Pulling metadata from run associated with artifact into report

Hi! I’m trying to pull metadata from a run associated with an artifact into a report table, and am not succeeding.

Here’s my use case: I have an artifact “artifact” generated by some runs (“train-run”), and then I use that artifact in a (separate) evaluation run (“evaluate-run”).
I then want to display in a table the scores for my evaluation run, together with the training data that was used in the “train-run”.

I want something like this:

run artifact train set
evaluation-run-1 artifact:v0 “/data/train.csv”
evaluation-run-2 artifact:v0 “/data/train.csv”
evaluation-run-3 artifact:v1 “/data/train_filtered.csv”

with the caveat that I don’t have the train set logged in the evaluation runs, but only in the training runs (that generated the artifact).

Here’s what I’m trying:

I have managed to get the artifact column as above using Weave with this query for the column

row.run.usedArtifactVersions.filter((row) => row.name.contains("artifact")).link

But I can’t get to the config of the run that generated that artifact.
The closest I’ve gotten to this output is to access the metadata of the artifact version in Weave, but this doesn’t really work. The UI (in artifacts->metadata) shows the metadata of the run that generated it, which would work for me, but it doesn’t seem to be available to Weave.

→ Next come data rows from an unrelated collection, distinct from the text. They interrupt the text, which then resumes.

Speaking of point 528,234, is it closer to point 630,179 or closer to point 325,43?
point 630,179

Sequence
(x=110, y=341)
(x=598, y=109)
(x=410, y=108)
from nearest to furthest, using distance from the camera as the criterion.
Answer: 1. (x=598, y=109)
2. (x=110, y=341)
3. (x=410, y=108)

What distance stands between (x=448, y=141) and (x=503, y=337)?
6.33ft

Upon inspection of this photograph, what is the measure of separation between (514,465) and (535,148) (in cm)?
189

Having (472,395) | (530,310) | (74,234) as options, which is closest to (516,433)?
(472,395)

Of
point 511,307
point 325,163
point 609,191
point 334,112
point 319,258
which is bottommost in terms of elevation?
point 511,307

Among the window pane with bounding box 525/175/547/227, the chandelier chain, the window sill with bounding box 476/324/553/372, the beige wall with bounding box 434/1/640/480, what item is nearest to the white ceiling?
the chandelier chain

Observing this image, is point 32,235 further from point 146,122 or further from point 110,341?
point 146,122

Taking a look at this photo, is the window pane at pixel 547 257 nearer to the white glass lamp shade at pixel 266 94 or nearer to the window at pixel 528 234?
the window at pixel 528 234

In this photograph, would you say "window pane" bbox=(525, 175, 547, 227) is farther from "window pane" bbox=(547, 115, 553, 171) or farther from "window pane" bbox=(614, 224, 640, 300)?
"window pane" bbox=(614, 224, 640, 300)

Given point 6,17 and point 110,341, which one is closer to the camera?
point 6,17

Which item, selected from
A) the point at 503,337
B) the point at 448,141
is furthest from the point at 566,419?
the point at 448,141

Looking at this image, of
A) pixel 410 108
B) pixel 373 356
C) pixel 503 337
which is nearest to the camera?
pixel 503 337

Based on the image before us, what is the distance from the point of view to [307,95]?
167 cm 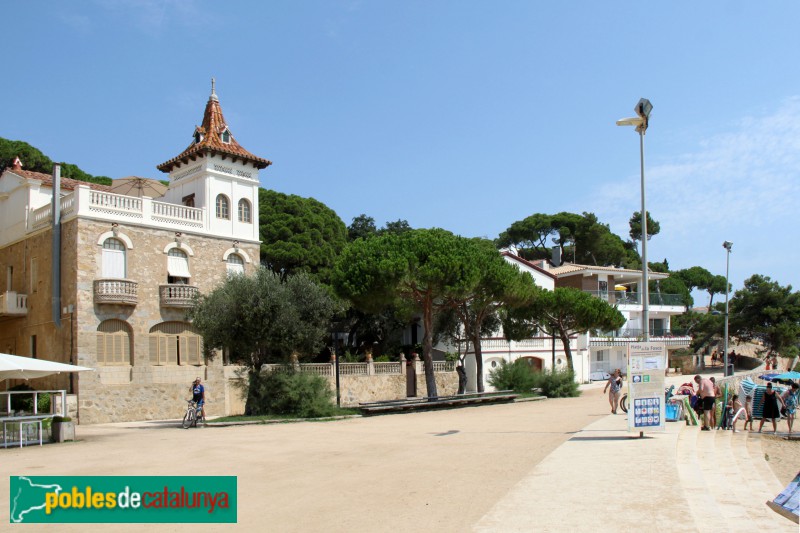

This is what I have tried to access the metadata, and isn’t working:

row.project.artifactVersion("artifact", "v0").metadata["train_set"]

Another thing I’ve tried and isn’t working is this:

row.run.usedArtifactVersions.filter((row) => row.name.contains("artifact")).map((row, index) => row.run.config)["train_set"].joinToStr("")

(unfortunately the row.run in the map function refers to the original run, instead of the run associated with generating the artifact)

Hi @dcferreira, quick clarification. Is the “train set” in the “train-run” run metadata or is it in the Artifact metadata?

Also, could you possibly share a link to the project and I can take a look?

Thank you,
Nate

Hey @nathank!

“train set” is run metadata. I didn’t log any specific metadata on the Artifact. I’m hoping that given a specific Artifact, I’d be able to access the “train set” for the run that first generated it.

I can’t share the exact project I’m having this problem in, but can try to make a minimal example later today.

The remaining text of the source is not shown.